17 May 2025

I have been looking at the saints celebrated in the Orthodox Church. Some of them are completely unknown to me not least because they belong to the Eastern Church of which I am ignorant. Some of them are known  but not celebrated in the calendar of the Western Church.

There are two delightful features in the Orthodox Calendar. Firstly, as well as recognisable saints, they also celebrate characters from the Old Testament like the prophets Elisha, Isaiah and Jeremiah and mythical characters like Job and Jonah.

Secondly, some specific events in the history of the Church are celebrated too like the ‘Discovery of the Head of St. John the Baptiser’ which eventually ended up in Constantinople,  the ‘Appearance of the Sign of the Cross over Jerusalem’ and the ‘Deposition of the Robe of the Theotokos’, one of Mary’s robes.

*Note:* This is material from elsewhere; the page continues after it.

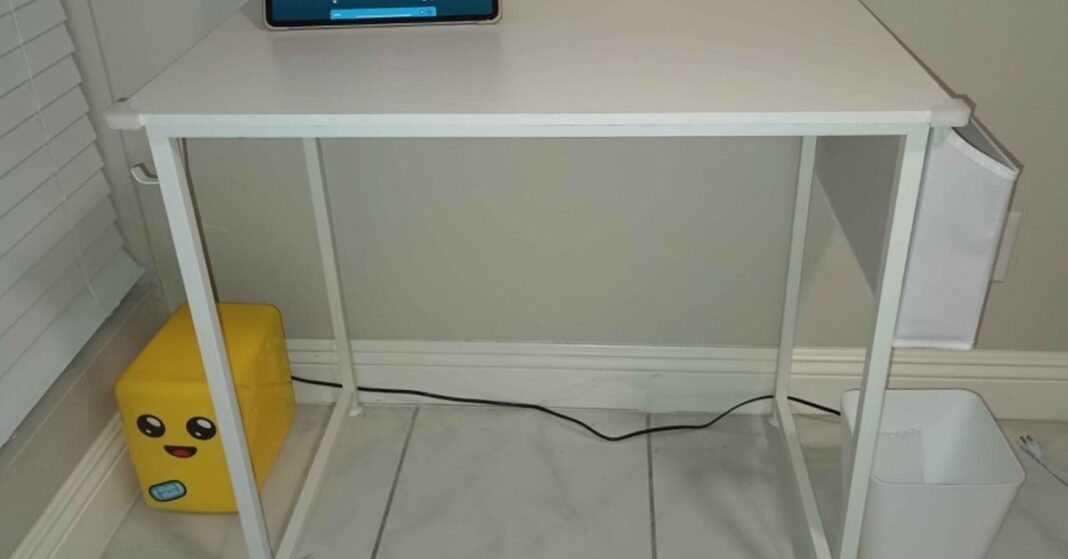 DIY Foldable Desk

Last Sunday, they celebrated two saints, Cyril and Methodius, who are described as ‘Equals-to-the-Apostles’. They were brothers. The one held a position in the Imperial Court, the other was in the army. Despite their wealth, they forsook it and became monks in 850.

In 862, they were sent by the Emperor to work among the Slavs in Moravia at their request. They had already been sent Western missionaries who insisted on worshipping in Latin. The Moravians wanted to worship in their own tongue.

Cyril and Methodius  translated the Scriptures and the Liturgy into the language of the Moravians inventing an alphabet in the process. We attach great significance to our Reformation and the freedom to worship in the vernacular. That was in 1560. The work of these saints was almost seven centuries earlier!